Ein besonders bevorzugtes Verfahren zur Herstellung einer
Kreiselpumpe ist dadurch gekennzeichnet, dass das erste Gehäuseteil (103) mit
dem zweiten Gehäuseteil (104) und das zweite Gehäuseteil (104) mit dem
Motorgehäuse (44) in einem Arbeitsgang durch Laserdurchstrahlschweissen miteinander
verbunden werden. Hierdurch kann die Durchlaufzeit minimiert werden, weil die beiden
Dichtungen nicht nacheinander hergestellt werden müssen.
Ein Ausführungsbeispiel wird nachfolgend anhand der
Zeichnung näher erläutert.
Es zeigt:
- Fig. 1 eine Schnittansicht durch eine erfindungsgemäße Kreiselpumpe
- Fig. 2 einen vergrößerten Ausschnitt aus einem Verbindungsbereich
eines Gehäusese der Kreiselpumpe und
- Fig. 3 eine Explosionsdarstellung eines Gehäuses der Kreiselpumpe.
Fig. 1 zeigt eine Schnittansicht durch eine erfindungsgemäße
Kreiselpumpe 100, mit einem Pumpengehäuse 102, bestehend aus einem ersten Gehäuseteil
103 und einem daran anschließenden zweiten Gehäuseteil 104. Ein Motorgehäuseteil
44 begrenzt einen Trockenraum, der von einem Stator (40) eines elektronisch kommutierten
Gleichstrommotors und seiner Ansteuerelektronik ausgefüllt wird. Das Motorgehäuseteil
44 schließt an das zweite Gehäuseteil 102 and. Das erste und das zweite
Gehäuseteil 103, 104 begrenzen einen Nassraum 101 der Kreiselpumpe. Das zweite
Gehäuseteil 104 ist einstückig mit einem Spalttopf 116 geformt, welcher
den Nassraum 101 von einem Trockenraum 99.

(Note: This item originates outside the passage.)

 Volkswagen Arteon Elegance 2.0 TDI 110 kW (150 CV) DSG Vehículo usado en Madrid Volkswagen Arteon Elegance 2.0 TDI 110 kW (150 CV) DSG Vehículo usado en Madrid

Der Nassraum 101 enthält eine Achse 49, die zwischen
einer spalttopfseitigen Achsaufnahme 48 und einer saugstutzenseitigen Achsaufnahme
47 fest eingebaut ist. Eine Rändelung am Achsenende verhindert eine Verdrehung
der Achse 49 während des Pumpenbetriebs. Auf der Achse 49 ist ein Festlager
54 drehbar gelagert, welches in einer hohlen Welle 51 des Rotors 50 eingepresst
ist. Die Welle 51 ist einstückig mit einem Pumpenlaufrad 59, das mehrere etwa
spiralförmig geformte Flügel 591 für die Flüssigkeitsförderung
enthält. Die Stirnflächen des Festlagers 54 können sich axial unter
Zwischenlage von Anlaufscheiben gegen die spalttopfseitige Achsaufnahme 48 und gegen
die saugstutzenseitige Achsaufnahme 47 abstützen. Ein hohlzylindrischer Ferritmagnet
52 ist auf die hohle Welle 51 aufgeklebt, wobei ein elastischer Kleber verwendet
wird, der in vier oder fünf in die Hohlwelle geformte achsparallele Nuten 511
eingebracht ist.
Der Trockenraum 99 enthält den Stator 40 des elektronisch
kommutierten Gleichstrommotors 10, der in Form einer hohlzylindrischen Statorwicklung
41 ausgebildet ist, wobei deren Magnetfeld im Betrieb über Klauenpole in alternierende
Weise an den Umfang des Spalttopfs 116 geführt wird und mit dem hohlzylindrsichen
Permanentmagneten 52 im Nassraum 101 wechselwirkt. Der magnetische Kreis wird durch
einen Rückschlussring 43, der mit den Klauenpolen 42 verbunden ist, geschlossen.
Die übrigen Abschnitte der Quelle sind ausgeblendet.